This column is not about standard, ho-hum telemarketing, but about the kind of telemarketing that is generated by advertising. You run an ad. You ask readers to call you, using your toll-free number (unless you’re advertising to people outside your area code), and then you sell them right there on the telephone.
If you’re doing that kind of telemarketing now, and you’re not using a script, you’re not taking telemarketing as seriously as you ought to. Telemarketing surpassed direct mail in size way back in l982. And since that time, five crucial points have been discovered and followed by guerrillas. These are the five simple things you should do to match them:
Find out who are your top three telemarketers.
Make an audio cassette of those top three people.
Create a script, using the words, phrases and voice inflections of the top three. In that script, underline the phrases stressed by these top producers.
Distribute copies of the three cassettes plus three scripts to go with them. Give a set to each of your other telemarketers.

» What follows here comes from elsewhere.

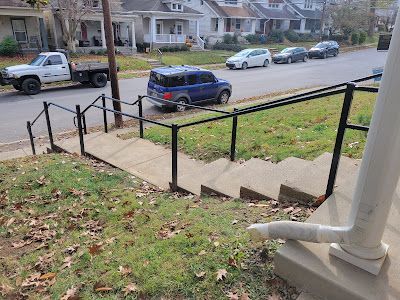 A truck is parked on the side of the road next to a set of stairs.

Ask those other telemarketers to memorize the script and get it down so pat that it sounds as though it’s delivered straight from the heart.
It’s okay for the telemarketers to eliminate any words that seem uncomfortable to them, substituting another word. But they should not get rid of any words and phrases that all three top producers are using.

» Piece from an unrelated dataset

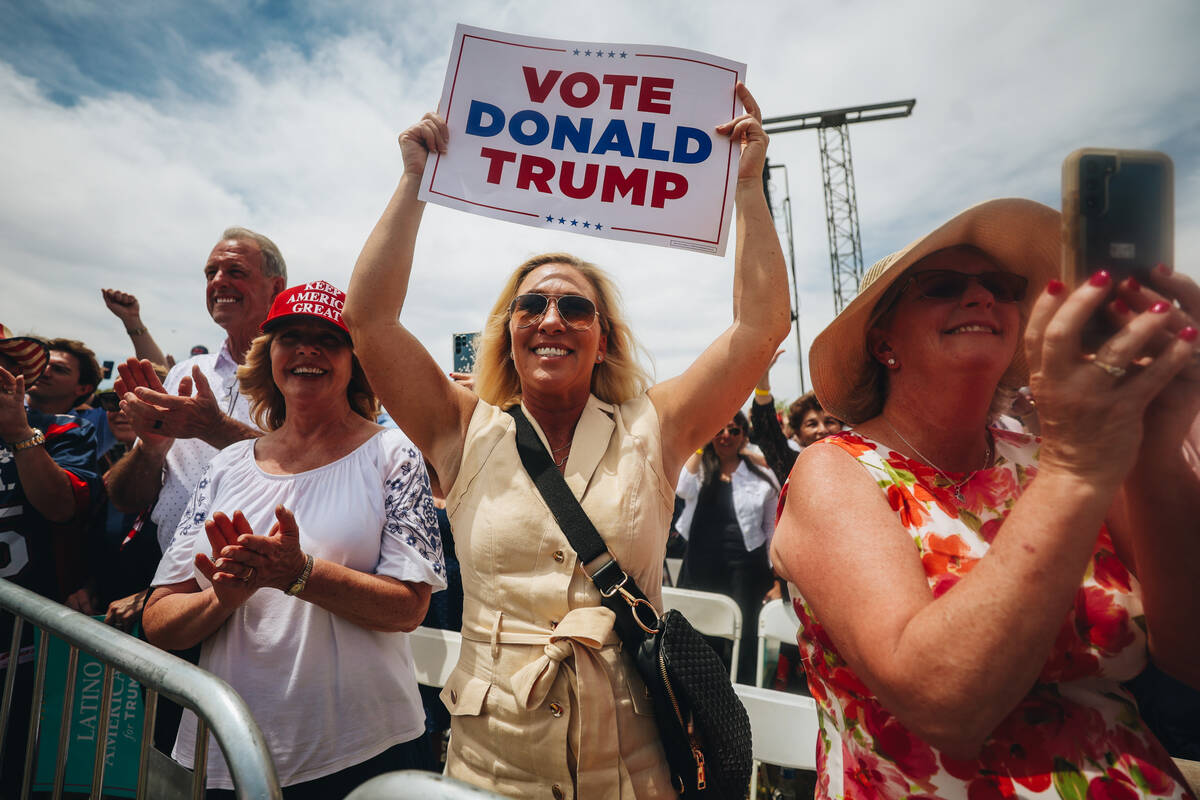 U.S. Rep Marjorie Taylor Greene, R-Ga., cheers as former President Donald Trump speaks at a ral ...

Okay, now you’ve got your script. How do you make it work wonders? First, recognize that you must deliver the words on that script to the right audience. That’s a full 40% of your success equation. It comes ahead of everything else. Since the people calling you have responded to your ad, there’s a good chance they are the right audience when they call. This gives you a lot of momentum.
The right offer is the second 40% of your equation. It tells about the benefits you offer, your company, your product or service, and includes how you present your offering.
The right creative approach to a telemarketing script includes the actual words and phrases that will be used. It’s the last 20% of your success equation. The right audience and the right offer are considerably more important than the right words. Still, the script you use can make the difference between mild success and wild success. What about that script?
Start by realizing that it has three parts. The introduction is where you introduce yourself by name and begin to establish rapport. The body is where you present the logical (for the left-brained callers) and the emotional (for the right-brained callers) reasons that they should buy right now. The close is where you ask the person to respond positively to your offer. Be sure, when creating your script, that you know:
What the caller should do after hearing the message.
Whether the caller should order using a credit card.
Whether the caller should send for your brochure.
People are more powerfully motivated by security needs than almost anything else. In direct marketing, you give that security by offering a guarantee or a trial offer. Are these really necessary. Yes, they’re crucial.
Your introduction is the most important part of your script, even though it’s the second impression that you will make. The ad was the first. Remember that the introduction is the headline of your message and that the headline is the real name of the game. The close should be written next because it’s your final goal. The body should be created last — so that it leads right into the close. Edit it mercilessly, making sure every word and phrase adds to the effectiveness of your introduction. If not, scrap them.
Yes, you should ask questions. Yes, you should respond to the answers. Yes, you should read over your opening line and see if it would excite you as a caller. Questions you might ask at the close include:
Are these the results you want for yourself or your company?
Shall we get started?
May I sign you up now?
I know that it’s tough to operate from a script if you’re a free spirit. But I also know that free spirits fail dismally at telemarketing. I’ve witnessed several tests of scripts versus outlines and the scripts win every time. The winning combination for guerrillas is a potent ad, followed by a potent script. What they win is sales, relationships, customers’ hearts, and profits.